I just received the two slingshots I bought from Bill Hays (Seal Sniper G10 Ballistic, G10 Ballistic Tube Master Sniper and one additional slingshot that was a gift from Bill (Not sure, think it is a smaller Tube Master Sniper)! I am heading out to shoot right now. Everything that has already been said about Bill's generosity and that he and his wife are great with communicating with the customer are true. So well worth the wait. Here are some pictures.


----------



## oldmiser (Jan 22, 2014)

Awwww now you are in for some great shootin my friend...Bill is a awesome vendor/Master maker of slingshots..
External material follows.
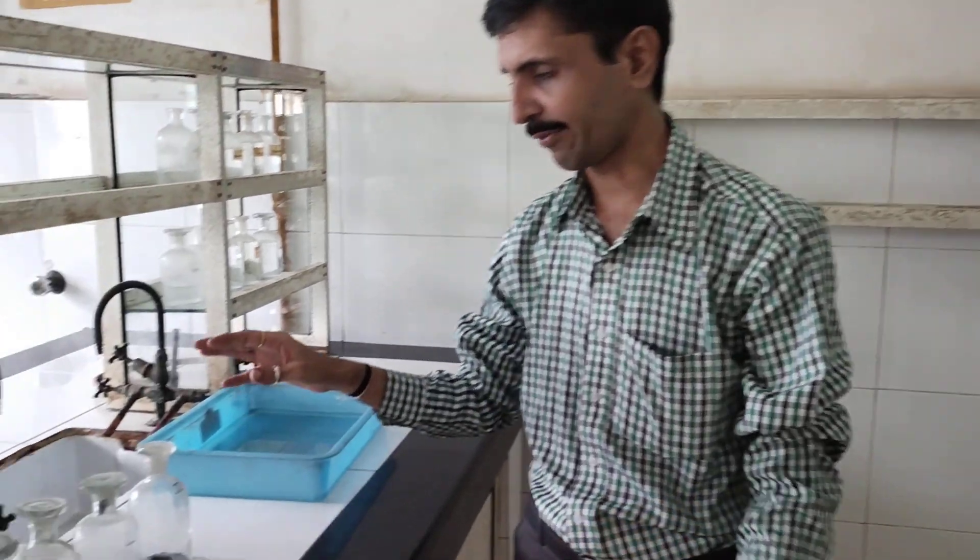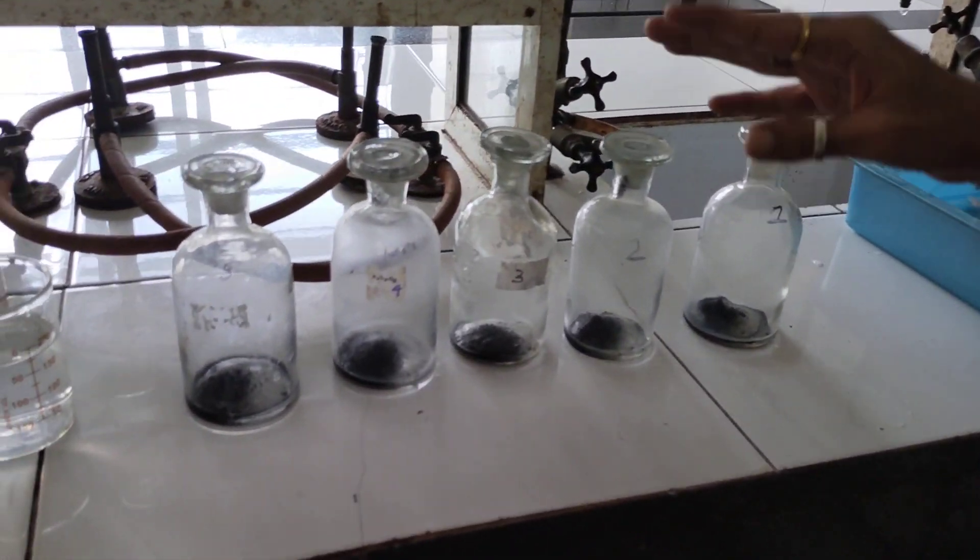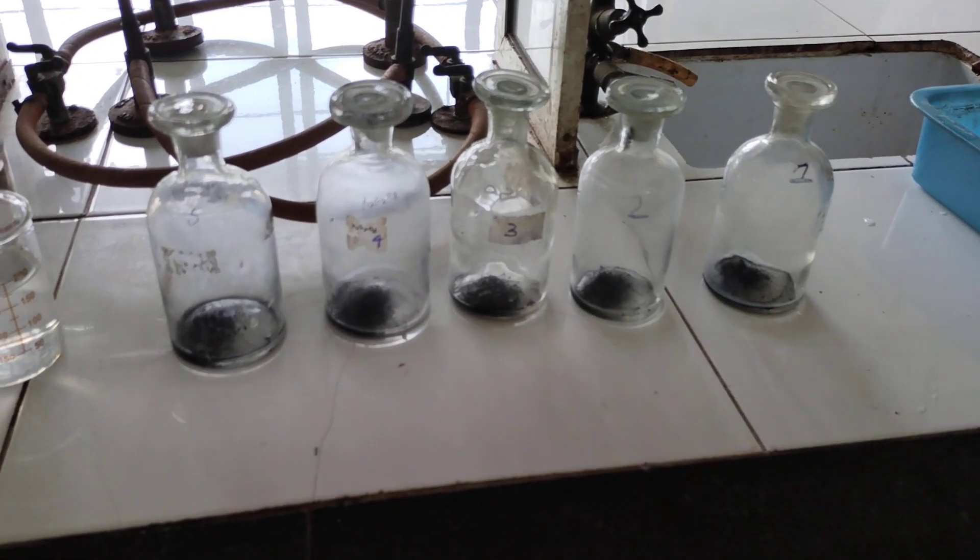Hello my dear friends, I welcome you now for the practical setup. Here we go — these are the 5 bottles which I was mentioning when I was explaining the theory part of this particular experiment.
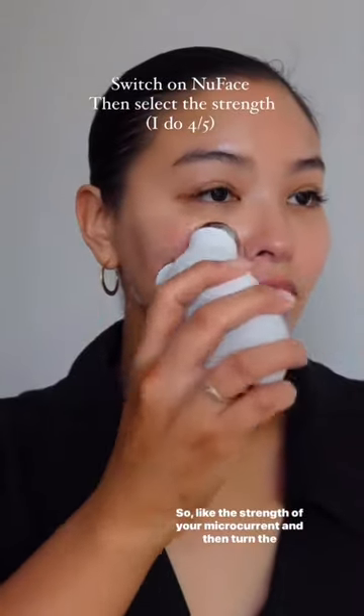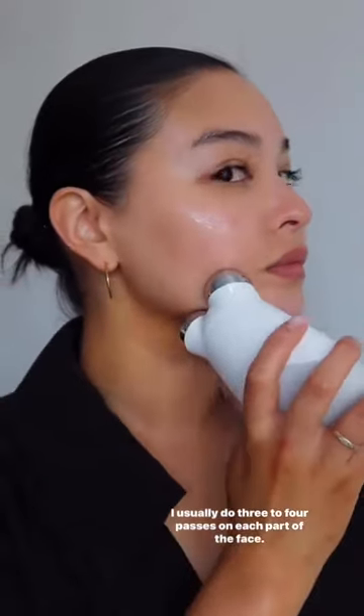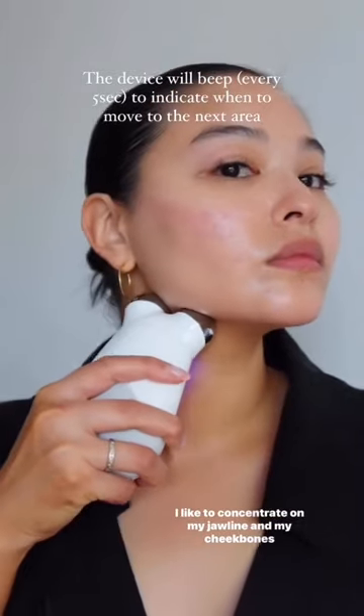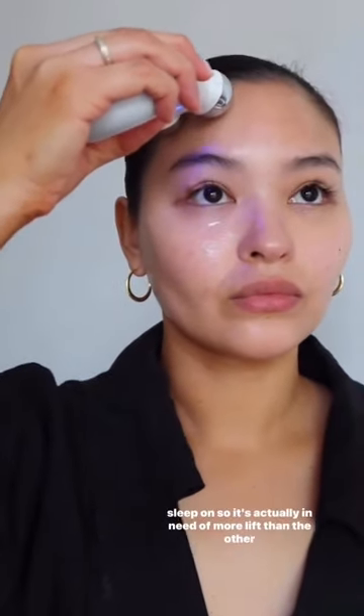Select the strength of your microcurrent and then turn the device on. I usually do three to four passes on each part of the face. I like to concentrate on my jawline and my cheekbones especially. I picked this side of my face because it's the side that I sleep on, so it's actually in need of more lift than the other side.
there are many other Vendors as well who make slingshots...A lot if it come's down too a personal choice of buying

a shooter...There are so many great shooters....Have fun ..May your ammo fly straight....AKAOldmiser


----------



## Pilgrim (May 3, 2014)

Just finished trying them out. So far, the Seal Sniper is the most comfortable and accurate. I have been shooting the Scout for quite awhile, one with tubes and one with bands, and getting pretty accurate with them both. Now, another learning curve. I think I am becoming a fan of bands. I don't think the smaller one is set up for tubes and TTF shooting, since the tube can come off the fork. Will have to investigate that further. Probably just put bands on that one. One big difference between these G10's and the Scouts, is the weight, which takes some getting used to. It is all great fun and a blast to set goals and hit them!


----------



## Oneproudmeximan (May 20, 2013)

That third one looks like a ergo tube shooter enjoy them maybe you'll carry more than one slingshot like I do


----------



## Bill Hays (Aug 9, 2010)

Thanks for the review, and I'm happy you're having a good time with them all.


----------



## bmlodge (Feb 26, 2013)

Very nice Pilgrim. I've got a Seal Sniper on the way from Bill can't wait. Also have a Tube Master Sniper which is also great slingshot. I just love the way it feels in the hands, low profile too being only half inch think. Tough as hell though.

Ben


----------



## Oneproudmeximan (May 20, 2013)

Can't go wrong with that seal sniper


----------



## SlingshotBill (May 29, 2014)

Is the seal sniper left and right handed?


----------



## Oneproudmeximan (May 20, 2013)

SlingshotBill said:


> Is the seal sniper left and right handed?


 it's ambidextrous


----------



## bmlodge (Feb 26, 2013)

SlingshotBill said:


> Is the seal sniper left and right handed?


Yeah it is. Just leave a message when you pay through paypal, or send an email which hand you shoot with. Bill will then band it accordingly.


----------



## SlingshotBill (May 29, 2014)

Thanks I came close to ordering the scout instead


----------